Cher (ancien) collègue,
On parle souvent en ce moment du langage spécifique à l’entreprise, comme un signe de notre appartenance (ou non) à un groupe professionnel. Un langage qui permet aux membres d’un même secteur de se reconnaître, ou du moins qui leur permet de rester entre eux (ô toi qui n’est pas encore immergé dans ce milieu que tu convoites, ne cherche pas de traducteur, ta seule porte d’entrée sera un stage – oui, même toi là-bas, qui a terminé tes études depuis bien longtemps et qui cherche à te reconvertir).
Cela donne par exemple « on se voit tout à l’heure pour que je te briefe », « est-ce que tu as fait tes retours au DA sur les créas ? », « où ai-je mis mon rétroplanning ? », «ce projet c’est de la rassurance », « ok je te fais ça asap », « non tu vois ta créa il faudrait qu’elle soit un peu plus waou » etc. Des mots tombés dans le langage courant, parfois des anglicismes, bien souvent des raccourcis, qui permettent d’aller plus vite lorsque l’on travaille sous la pression (en plein rush, ou quand on est charrette, n’est-ce pas). Ici, en dehors des considérations d’appartenance dont je parle plus haut, il s’agit de rendre à chacun la tâche plus aisée. Et cela permet parfois, en privé, une fois sorti du cadre, de bien rigoler, si tant est que vous soyez adepte de l’auto-dérision (oui, il m’est déjà arrivé de terminer un email à une amie avec « on se keep in touch »…).

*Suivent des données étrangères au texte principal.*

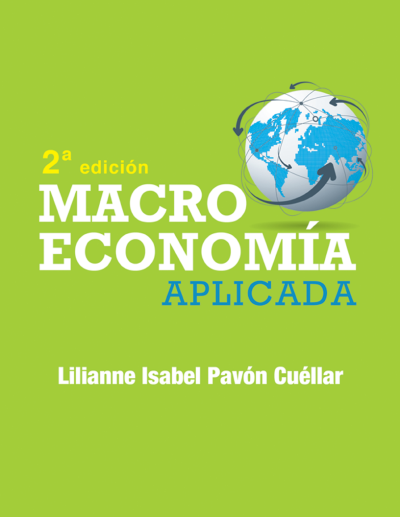 Macroeconomía aplicada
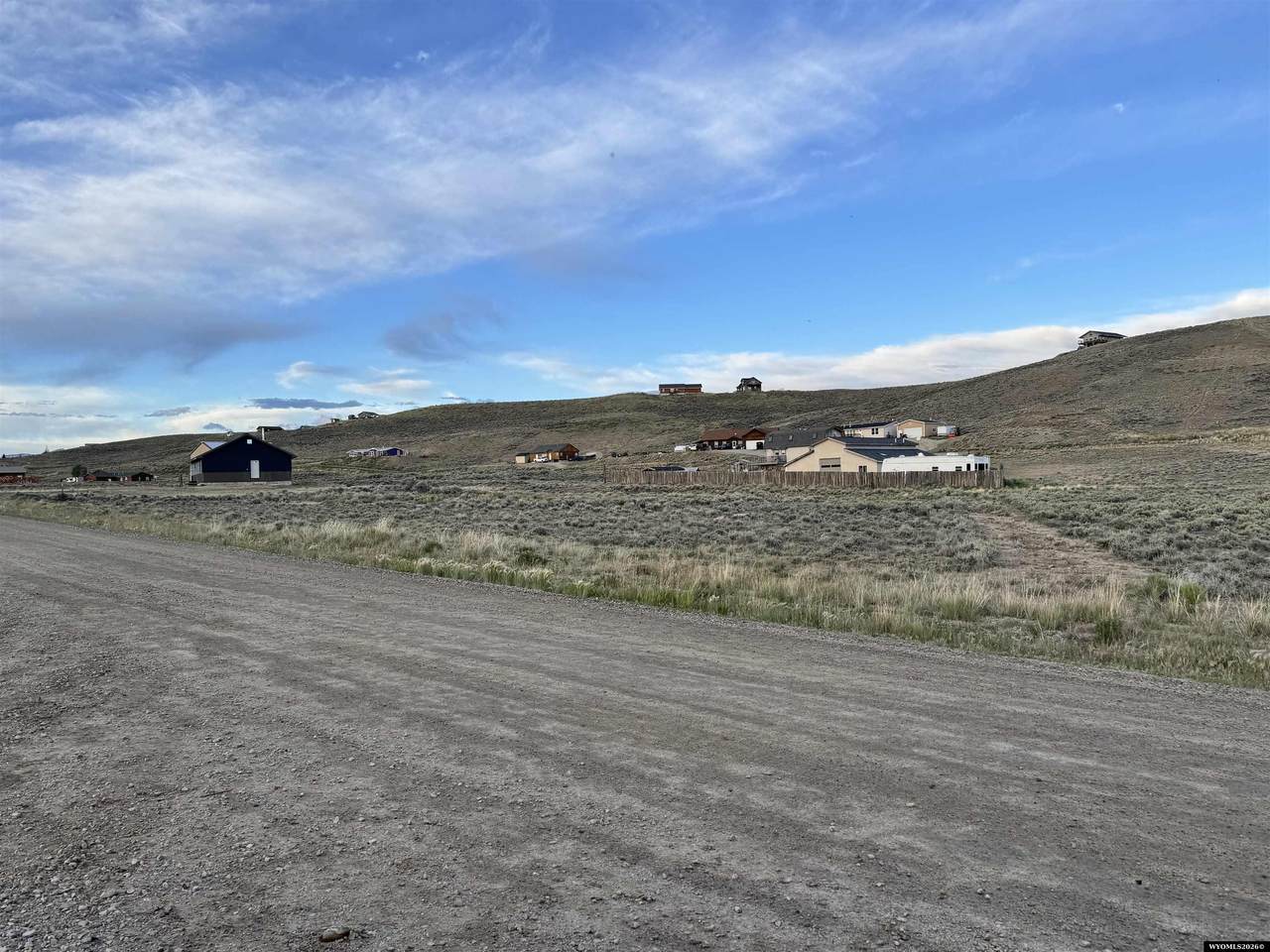 https://bt-photos.global.ssl.fastly.net/wyoming/1280_boomver_1_20264315-2.jpg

Bref, loin de moi l’idée de mépriser tous ces mots, j’ai plutôt tendance à me réjouir lorsque j’en apprends de nouveaux. Quelle n’a donc pas été ma surprise, cher David, de découvrir cette semaine grâce à toi que « transfèrement » existe (oui, bon, je l’admets, j’ai peut-être commencé par t’insulter avec un « pourquoi pas transférage ou transfération tant qu’il y est ! »). Un mot juridique de plus dans mon vocabulaire, et voilà un week-end heureux qui s’annonce.
Cela me fait penser d’ailleurs à cette initiative : Save the words propose à chacun d’adopter des mots depuis longtemps oubliés et de s’engager à les utiliser afin qu’ils ne disparaissent pas à tout jamais. Grâce à une ancienne collègue, qui se reconnaîtra peut-être, je me suis rendue compte par exemple que « formidable » et « épatant » étaient tombés dans mes oubliettes. Alors voilà, je milite pour leur retour. C’est formidable ! C’est épatant !
N’est-ce pas ?
16 mai 2009 at 12 h 35 min
Ecroulée je suis, car dans un article à paraître pour Culturofil, j’ai utilisé le mot « épatant » sans réaliser qu’il était has been ! Je t’avais donc déjà rejoins dans ta lutte sans le savoir, hé hé…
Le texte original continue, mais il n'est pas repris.